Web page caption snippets
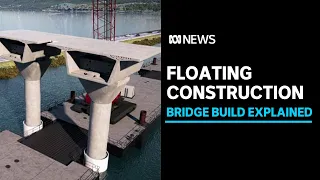 A floating construction site: Tasmania’s biggest bridge build explained | ABC News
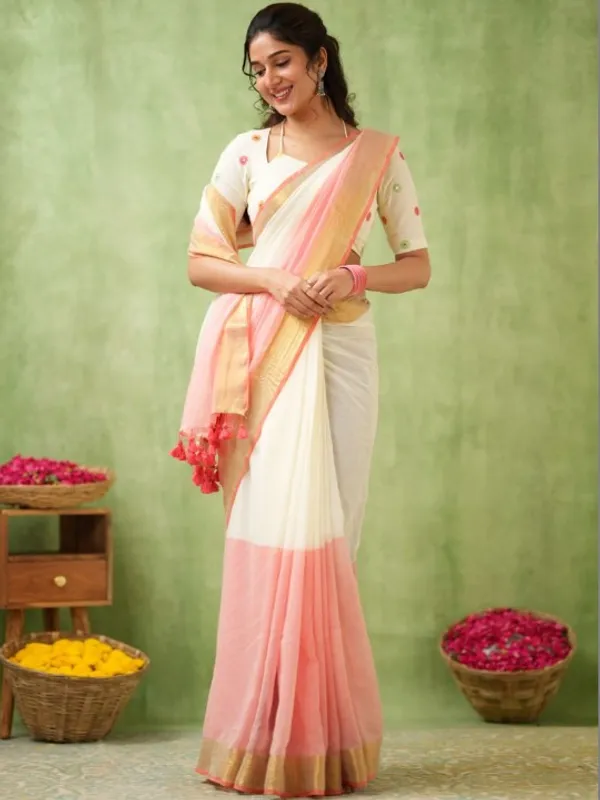 White_&_Peach_Mulmul_Cotton_Saree_with_Golden_Woven_Border_&_Matching_White_Blouse_Piece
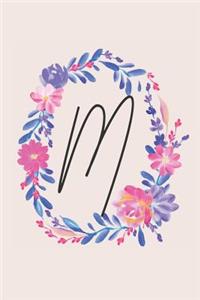 M: Personalized Notebook Journal for florists, wedding planner, bride's maid gift, wedding decorators with floral cover college lined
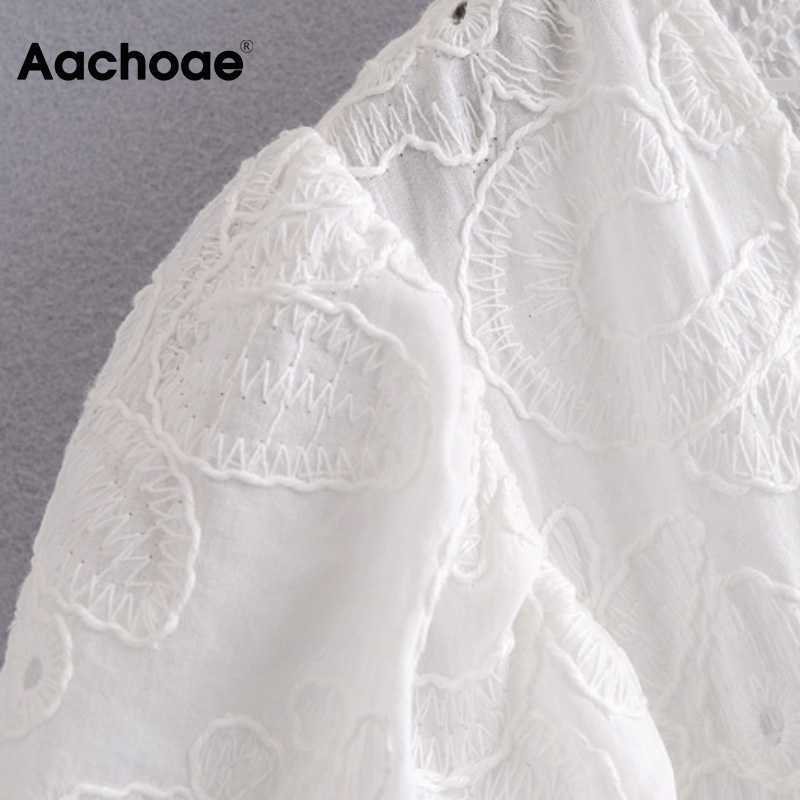 Aachoae Chic Floral Embroidery Midi Dress Women V Neck Puff Sleeve Sweet Dresses Ladies Elegant A Line White Cotton Dress 210630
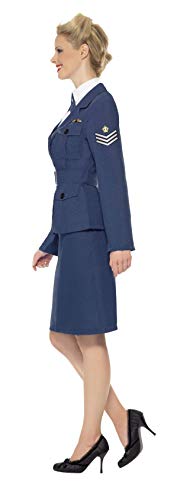 Smiffys-35527M Hotesse Capitana de la Fuerza aérea de la 2a Guerra Mundial, con chaqueta, camisa postiza con corbata, y cinturón, Color azul, M - Tamaño UK 12-14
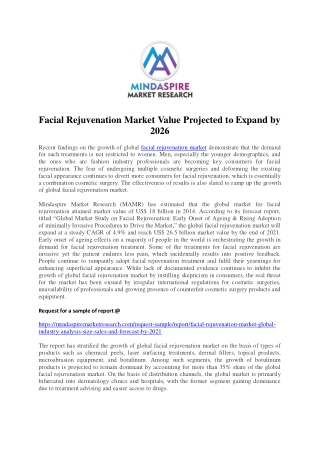 Facial Rejuvenation Market Value Projected to Expand by 2026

* [Assignment]:
Word for word, retype the lines from the one that contains "Aachoae Chic Floral" through the final line of the data, both ends included, excluding pictures.

* [Answer]:
 Aachoae Chic Floral Embroidery Midi Dress Women V Neck Puff Sleeve Sweet Dresses Ladies Elegant A Line White Cotton Dress 210630
 Smiffys-35527M Hotesse Capitana de la Fuerza aérea de la 2a Guerra Mundial, con chaqueta, camisa postiza con corbata, y cinturón, Color azul, M - Tamaño UK 12-14
 Facial Rejuvenation Market Value Projected to Expand by 2026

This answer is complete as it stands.